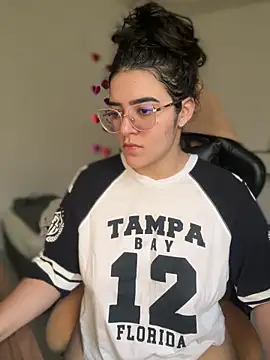 Lia flowers online show from 02-15-26, 07:57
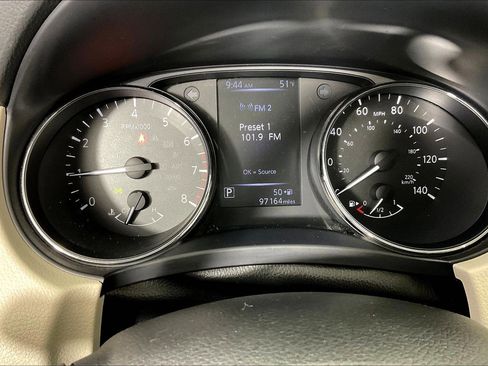 Certified 2018 Nissan Rogue Sport SL w/ SL Premium Package AWD/4WD image 14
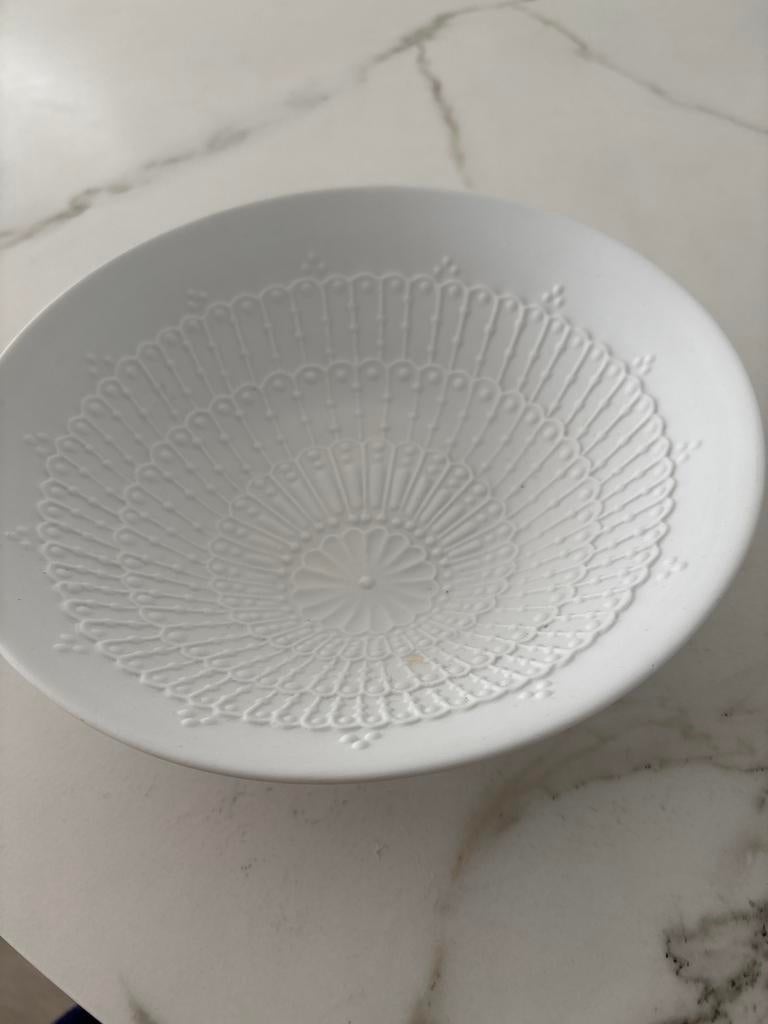 Mooi rond bord met gedetailleerd patroon, Porselein of Keramiek, Schaal, Rond, Ophalen of Verzenden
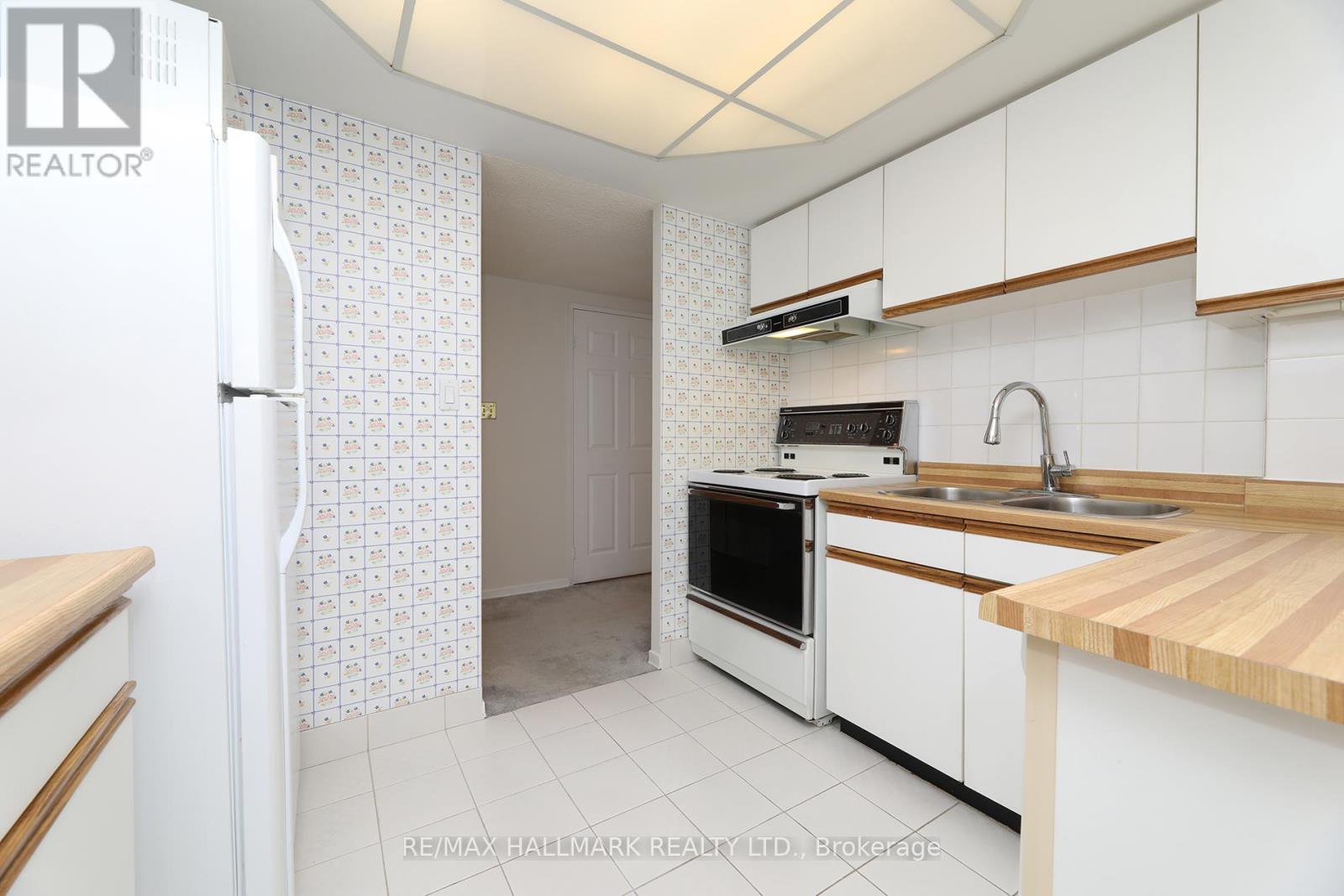 1704 - 10 Kenneth Avenue, Toronto, Ontario  M2N 6K6 - Photo 15 - C12989758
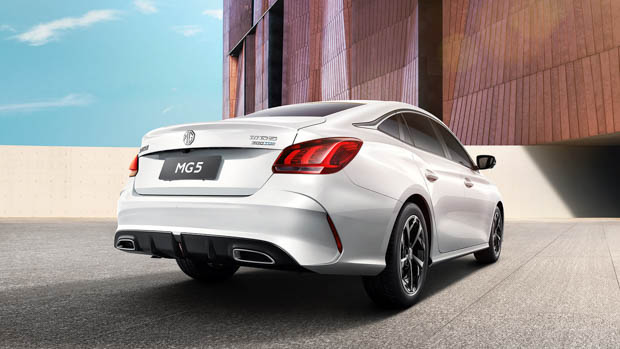 2023 MG MG5 white rear 3/4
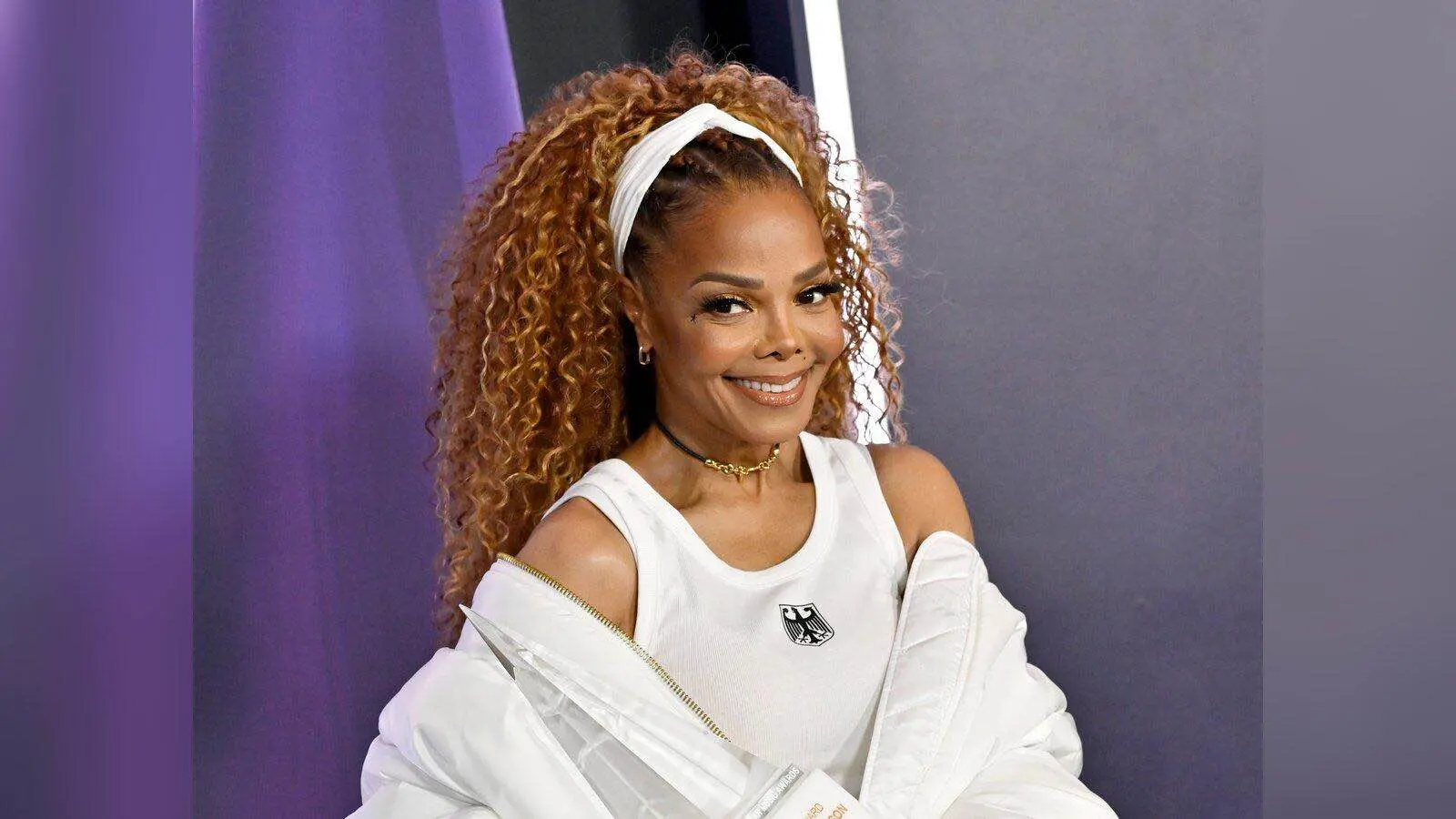 جانيت جاكسون تتوّج بـ"الأيقونة" في حفل "جوائز الموسيقى الأمريكية"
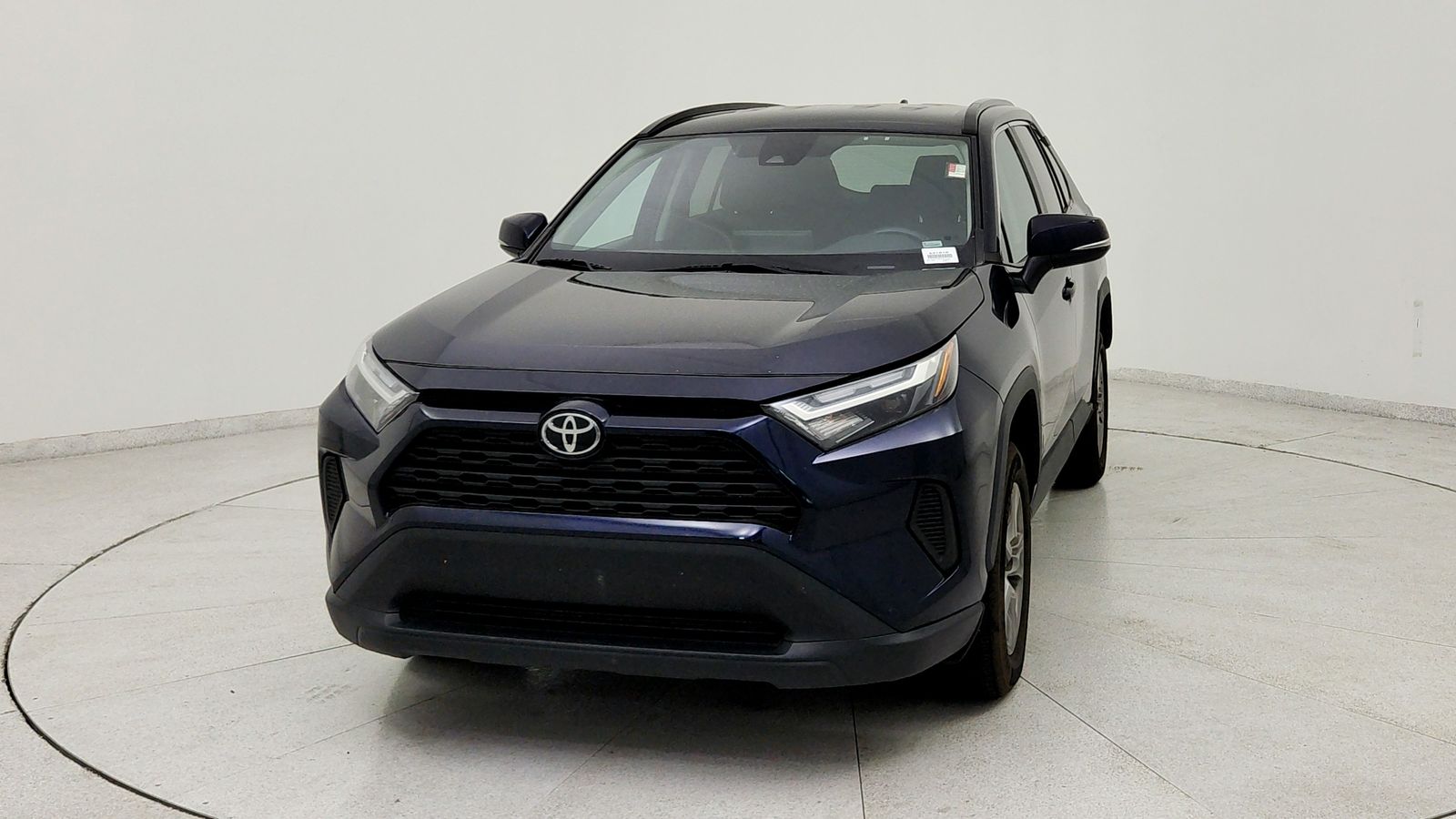 Used 2024  Toyota XLE image 2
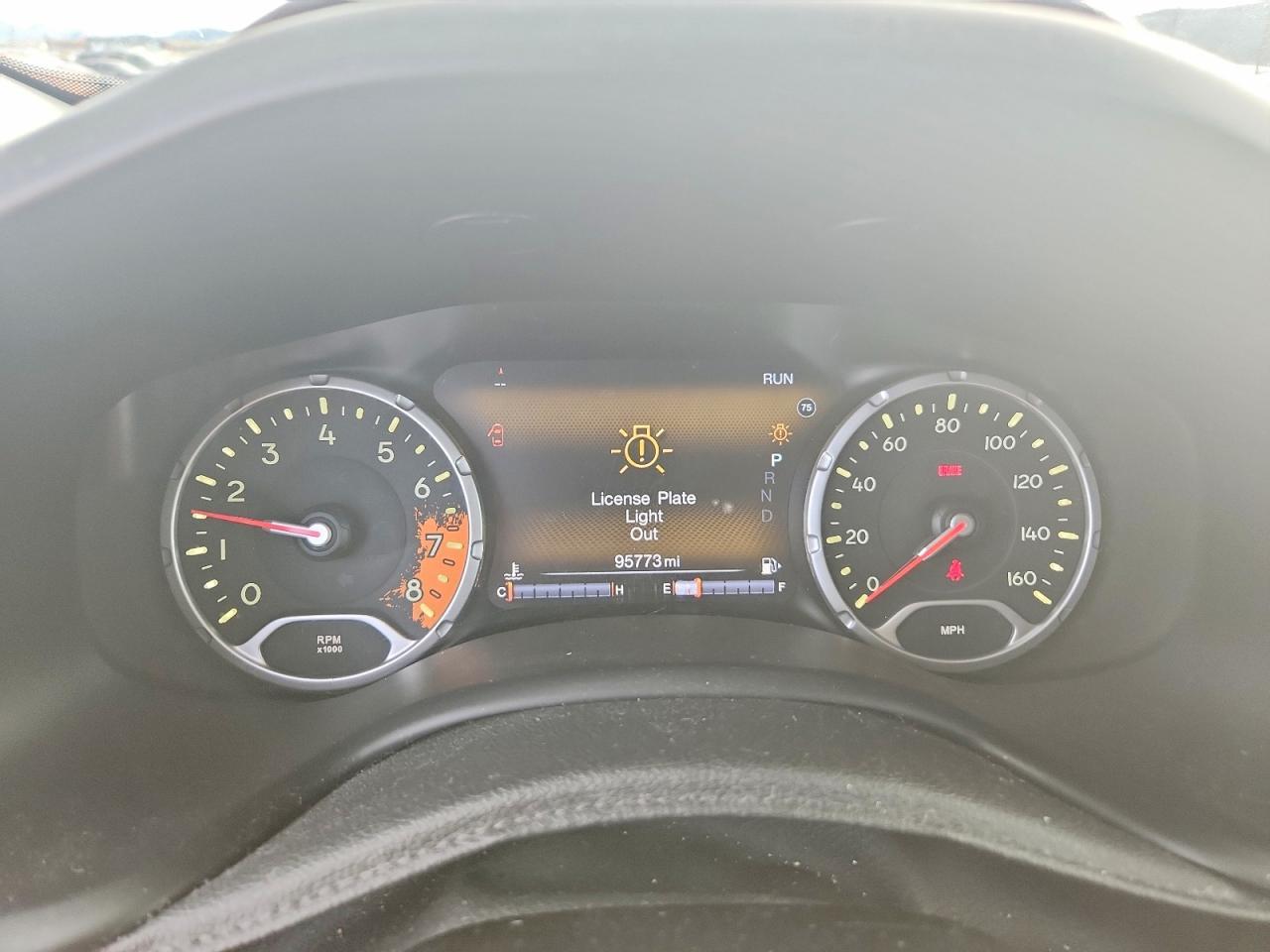 2015 Jeep Renegade Limited - zdjęcie 9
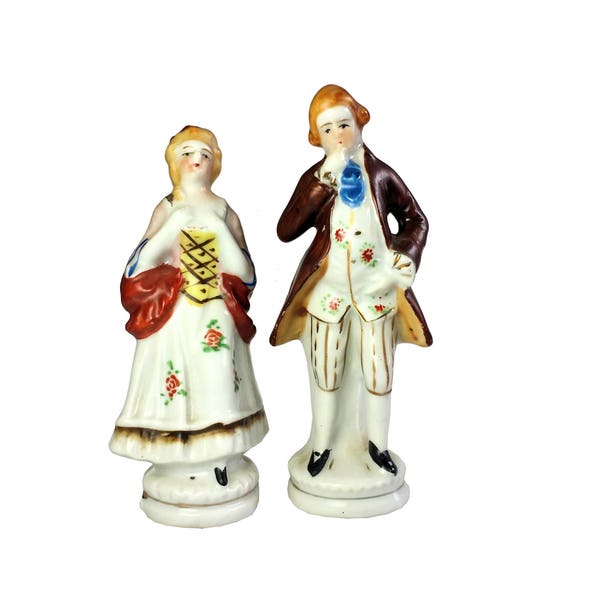 Pair Occupied Japan Couple 18th Century Ceramic Porcelain Hand Painted Figurine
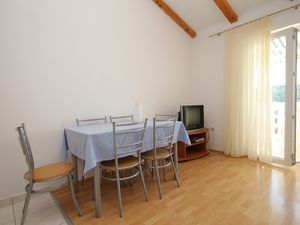 19129793-Ferienwohnung-6--300x225-2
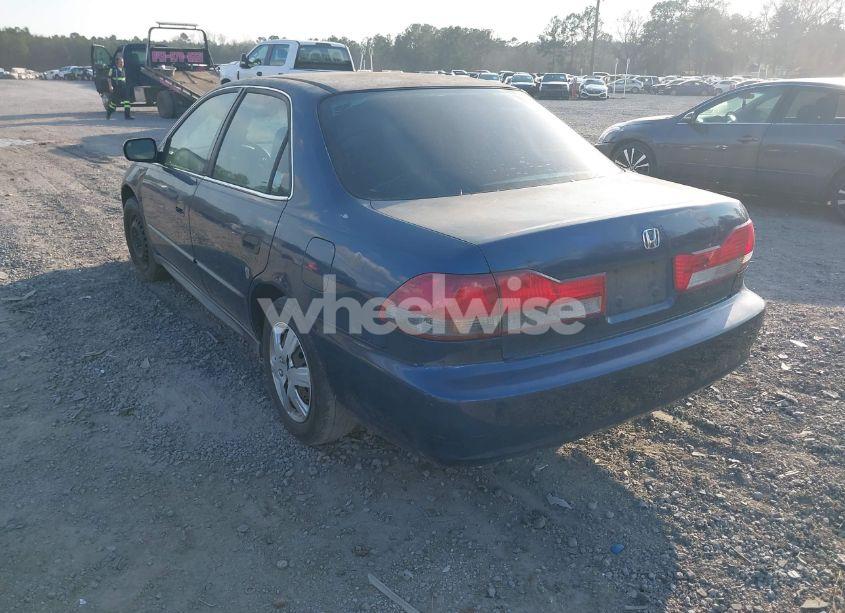 Photo 3 of 2002 Honda Accord 2.3 LX (VIN 3HGCG56442G701723)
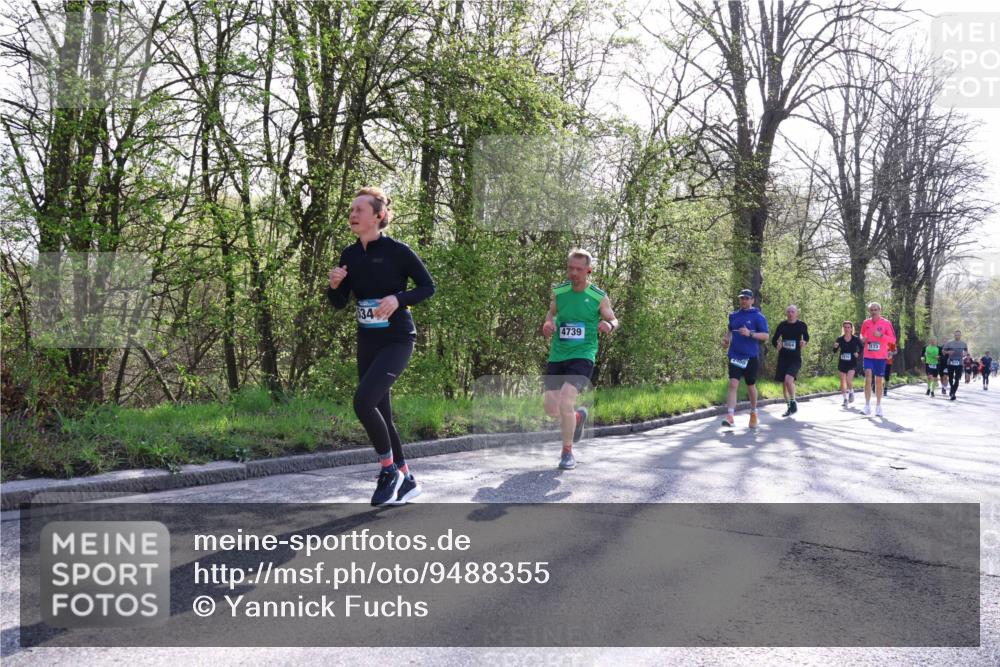 12.04.2026 - 45. Internationalen Wilhelmsburger Insellauf Yannick Fuchs http://msf.ph/oto/9488355 12.04.2026 10:33:47 Laufen 34, 4739, 3054, 3173 meine-sportfotos.de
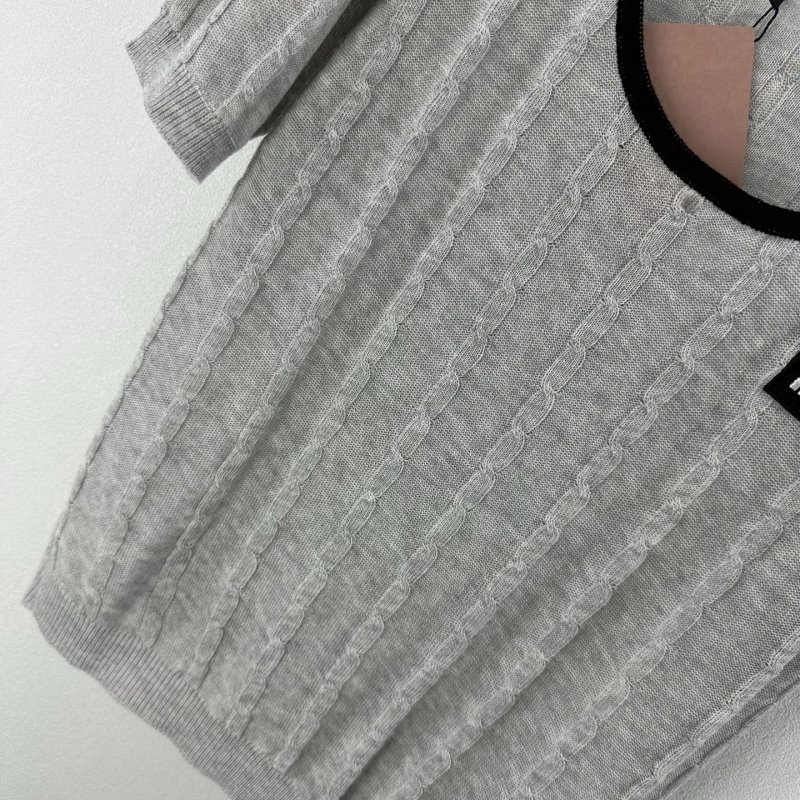Miu Miu T-Shirts Comfortable 148546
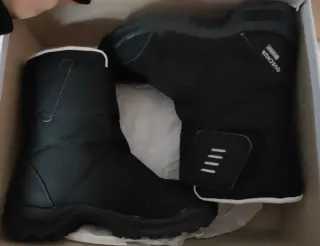 Scarponcini neve Quechua n 30 usati solo una volta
══════
**What the exercise asks:**
Print the data above verbatim from the first line through the line holding "Mooi rond bord", leaving every picture out.

**Written reply:**
 Lia flowers online show from 02-15-26, 07:57
 Certified 2018 Nissan Rogue Sport SL w/ SL Premium Package AWD/4WD image 14
 Mooi rond bord met gedetailleerd patroon, Porselein of Keramiek, Schaal, Rond, Ophalen of Verzenden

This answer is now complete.